((
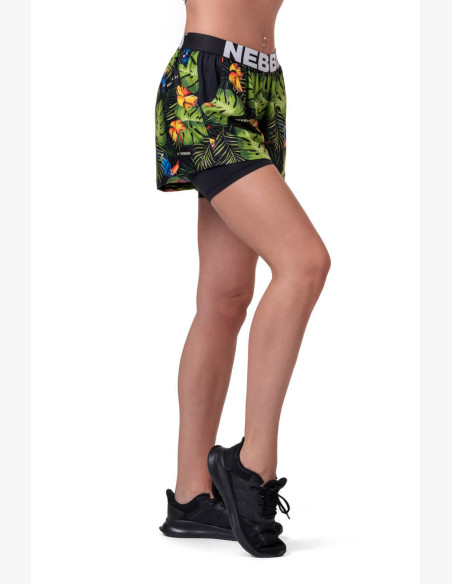 NEBBIA High-energy Double Layer shorts green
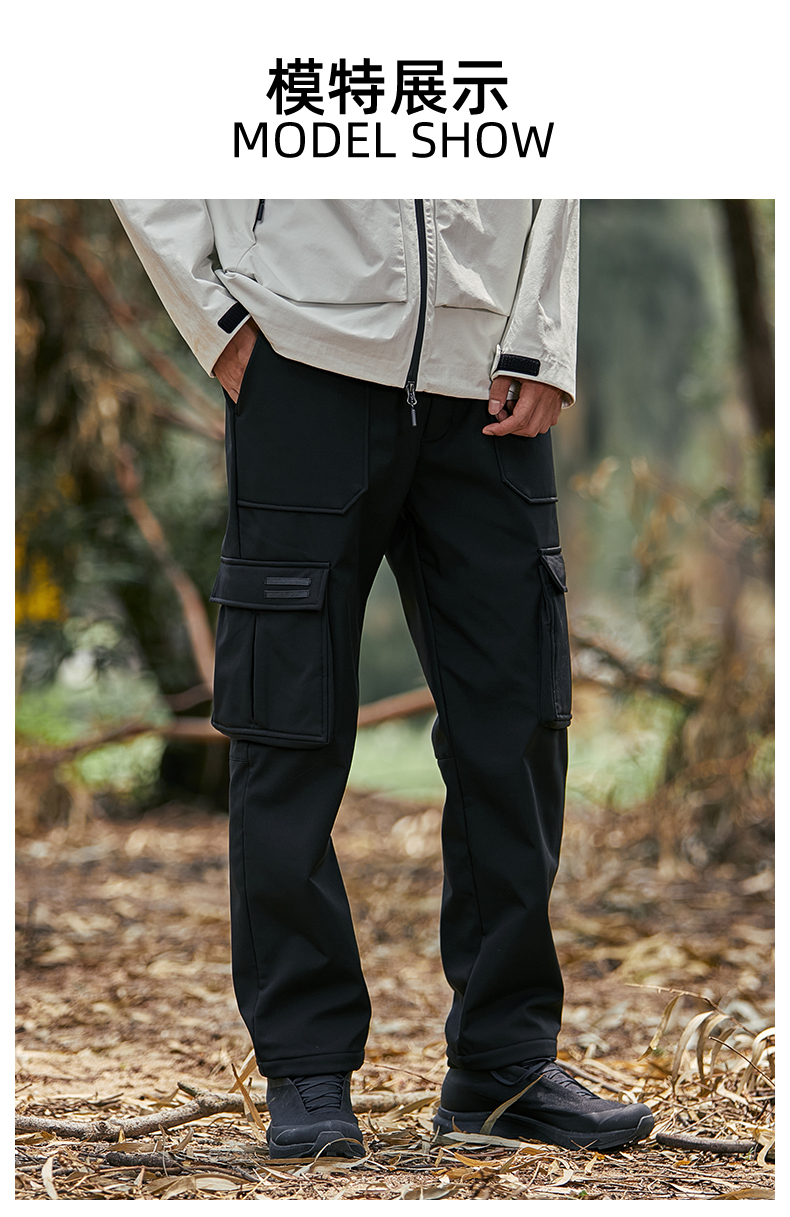 Outdoor multi-pocket functional men and women workwear soft shell trousers KD2-L158217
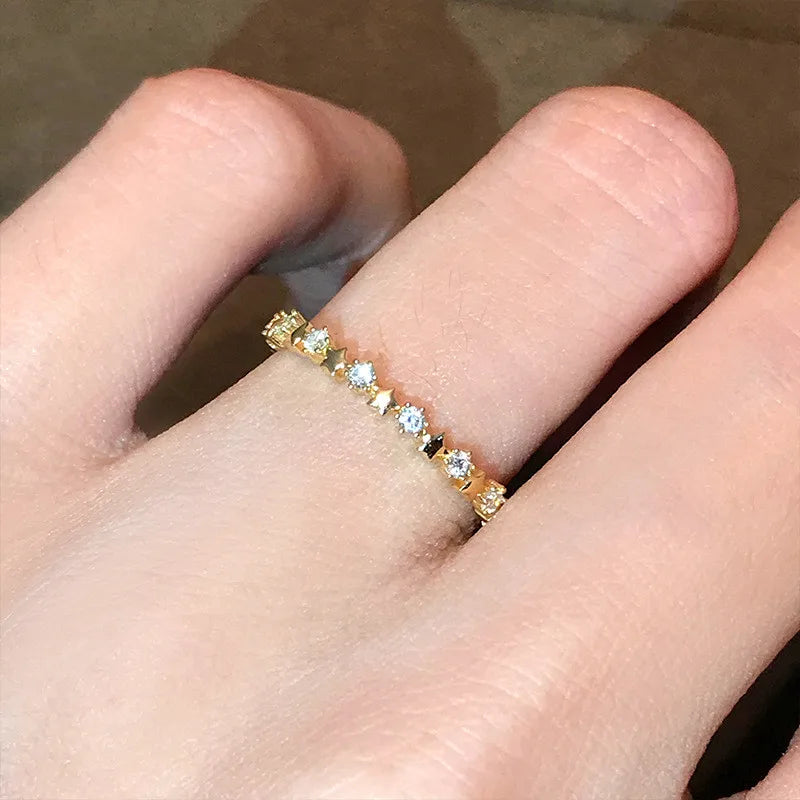 925 Sterling Silver Zircon Ring - 14K Gold Plated Minimalist Band - AstroVerse™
))
Problem statement:
Without the pictures, repeat the listing exactly as it reads.

Expected output:
 NEBBIA High-energy Double Layer shorts green
 Outdoor multi-pocket functional men and women workwear soft shell trousers KD2-L158217
 925 Sterling Silver Zircon Ring - 14K Gold Plated Minimalist Band - AstroVerse™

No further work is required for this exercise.